Why Is Sleep a Part of a Healthy Lifestyle?

Good, adequate, and efficient sleep is essential to lead a healthy lifestyle, as proper sleep patterns help improve brain function, mood enhancement, and mental health.

2.

Why Is Sleep So Important?

Various positive outcomes of good sleep make it so important, like:
- Brain function improvement.
- Emotional stability.
- Reduced risk of systemic diseases.
- Weight management.

3.

What Is the Adequate Sleep Duration?

Optimum sleep durations vary according to the age of the individuals. Children need significantly more sleep than adults. Between the age of 3 to 5 years, children need 10 to 13 hours of sleep, whereas adults (above 18 years) need at least 7 hours of sleep.

4.

What Is the Benefit of Sleeping Early?

“Early to bed and early to rise makes Jack healthy, wealthy, and wise.” It is not just a saying but is scientifically supported. Sleeping early leads to:
- Fewer eye bags.
- Healthier skin.
- Improved mood.
- Better concentration.
- Lower risk of systemic diseases.
- Improves libido.
- Improves immunity.
- Lower risk of vascular disorders.

5.

What Makes Sleep So Important for the Brain?

Sleep improves brain function as a healthy amount of sleep is important for brain plasticity or adapting to stimulus. Sleep also affects how neurons communicate within the nervous system.

6.

When Can You Call a Sleep of Good Quality?

A healthy amount of sleep in adults should be between 7 to 9 hours. Most individuals do not need more than 8 hours of sleep every day. Additionally, maintaining a consistent sleep pattern helps reinforce the circadian rhythm of the brain.

7.

Is It Possible for Sleep to Make One Smarter?

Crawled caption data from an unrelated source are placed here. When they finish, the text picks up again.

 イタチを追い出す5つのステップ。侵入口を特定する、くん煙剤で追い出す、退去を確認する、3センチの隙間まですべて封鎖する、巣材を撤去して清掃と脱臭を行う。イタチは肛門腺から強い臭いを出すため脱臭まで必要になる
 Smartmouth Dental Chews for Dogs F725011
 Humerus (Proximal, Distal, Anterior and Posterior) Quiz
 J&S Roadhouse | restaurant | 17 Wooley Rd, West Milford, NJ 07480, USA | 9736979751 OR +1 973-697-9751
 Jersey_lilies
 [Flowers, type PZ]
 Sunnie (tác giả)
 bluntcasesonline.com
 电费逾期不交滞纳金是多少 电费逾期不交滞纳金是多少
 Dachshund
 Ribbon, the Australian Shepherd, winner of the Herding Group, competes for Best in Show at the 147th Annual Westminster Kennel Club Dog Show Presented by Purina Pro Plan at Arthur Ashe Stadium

Sleep, evidentially, affects a person’s IQ (intelligence quotient). It has been found that with each hour of sleep loss, IQ drops by 6.11 points. Deficient sleep affects cognitive functioning, mental activity, concentration capability, and the ability to learn new things.

8.

Which Is the Healthiest Time to Wake Up?

The best time to wake up is between the morning hours of 6:30 and 7:00, with around seven hours of sleep in the kit.

9.

What Can Be Done to Improve Sleep Health?

Certain lifestyle modifications can be done to improve overall sleep health:
- Strict sleep schedule.
- Diet.
- Restful environment.
- Limiting daytime naps.
- Increased physical activity.
- Stress management.

10.

How to Fall Asleep Fast?

To fall asleep faster, one must:
- Stop overthinking.
- Maintain a regular sleep schedule.
- Avoid screen time before bedtime.
- Stress management.
- Avoid sleep-depriving food and drinks (like tea and coffee).

11.

Is It Possible for Sleep to Make One Look Younger?

During sleep, cutaneous blood flow increases, which helps maintain skin health. In a deficient sleep cycle, the skin repair and maintenance process is hampered, and the individual looks more aged than normal.

12.

What Can Be Done to Stop Night-time Overthinking?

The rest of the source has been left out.